> [Available data]:
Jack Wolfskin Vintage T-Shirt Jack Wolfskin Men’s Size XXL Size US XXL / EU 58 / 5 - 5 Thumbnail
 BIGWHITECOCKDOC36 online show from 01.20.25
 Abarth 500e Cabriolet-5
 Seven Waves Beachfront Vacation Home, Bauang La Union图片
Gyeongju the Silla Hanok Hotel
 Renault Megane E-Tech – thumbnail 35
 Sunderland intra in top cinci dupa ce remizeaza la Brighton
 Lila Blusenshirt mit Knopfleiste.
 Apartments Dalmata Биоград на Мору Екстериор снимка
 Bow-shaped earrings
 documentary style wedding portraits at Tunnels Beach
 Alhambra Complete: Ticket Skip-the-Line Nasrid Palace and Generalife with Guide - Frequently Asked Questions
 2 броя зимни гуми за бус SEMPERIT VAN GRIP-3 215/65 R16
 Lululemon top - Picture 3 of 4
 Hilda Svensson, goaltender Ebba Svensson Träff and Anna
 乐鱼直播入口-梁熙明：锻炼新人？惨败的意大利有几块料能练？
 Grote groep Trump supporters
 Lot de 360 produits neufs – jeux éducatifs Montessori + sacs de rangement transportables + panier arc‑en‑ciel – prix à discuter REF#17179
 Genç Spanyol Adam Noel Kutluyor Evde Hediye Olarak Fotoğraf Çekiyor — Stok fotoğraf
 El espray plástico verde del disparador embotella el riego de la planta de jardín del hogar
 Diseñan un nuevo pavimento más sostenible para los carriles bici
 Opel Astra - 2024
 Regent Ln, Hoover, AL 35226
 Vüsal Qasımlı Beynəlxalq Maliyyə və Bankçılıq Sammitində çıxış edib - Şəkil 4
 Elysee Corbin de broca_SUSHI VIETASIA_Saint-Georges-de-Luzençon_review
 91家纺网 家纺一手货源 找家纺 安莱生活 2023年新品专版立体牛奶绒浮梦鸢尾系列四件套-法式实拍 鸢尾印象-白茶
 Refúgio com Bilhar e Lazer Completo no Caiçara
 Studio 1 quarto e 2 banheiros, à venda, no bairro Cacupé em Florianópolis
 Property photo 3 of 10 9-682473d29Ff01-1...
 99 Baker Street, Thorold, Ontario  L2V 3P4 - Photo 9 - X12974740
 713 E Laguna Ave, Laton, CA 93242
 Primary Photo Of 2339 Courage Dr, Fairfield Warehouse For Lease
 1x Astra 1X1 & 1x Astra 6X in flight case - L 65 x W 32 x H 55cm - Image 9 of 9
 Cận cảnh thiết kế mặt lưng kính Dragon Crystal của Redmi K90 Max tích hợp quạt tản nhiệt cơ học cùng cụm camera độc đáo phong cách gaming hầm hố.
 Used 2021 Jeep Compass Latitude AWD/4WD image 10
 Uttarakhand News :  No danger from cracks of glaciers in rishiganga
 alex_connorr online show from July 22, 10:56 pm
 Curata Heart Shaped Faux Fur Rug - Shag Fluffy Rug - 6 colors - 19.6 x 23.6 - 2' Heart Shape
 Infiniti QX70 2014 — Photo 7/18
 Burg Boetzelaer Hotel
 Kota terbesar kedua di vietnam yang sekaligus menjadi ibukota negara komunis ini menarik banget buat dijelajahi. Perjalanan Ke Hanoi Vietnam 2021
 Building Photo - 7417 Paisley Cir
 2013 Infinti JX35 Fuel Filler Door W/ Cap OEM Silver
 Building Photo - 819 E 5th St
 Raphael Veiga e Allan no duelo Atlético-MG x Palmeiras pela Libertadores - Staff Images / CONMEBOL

> [Task details]: Find how many lines of the preceding data contain "show", and answer with that number only.

> [The completed task]: 2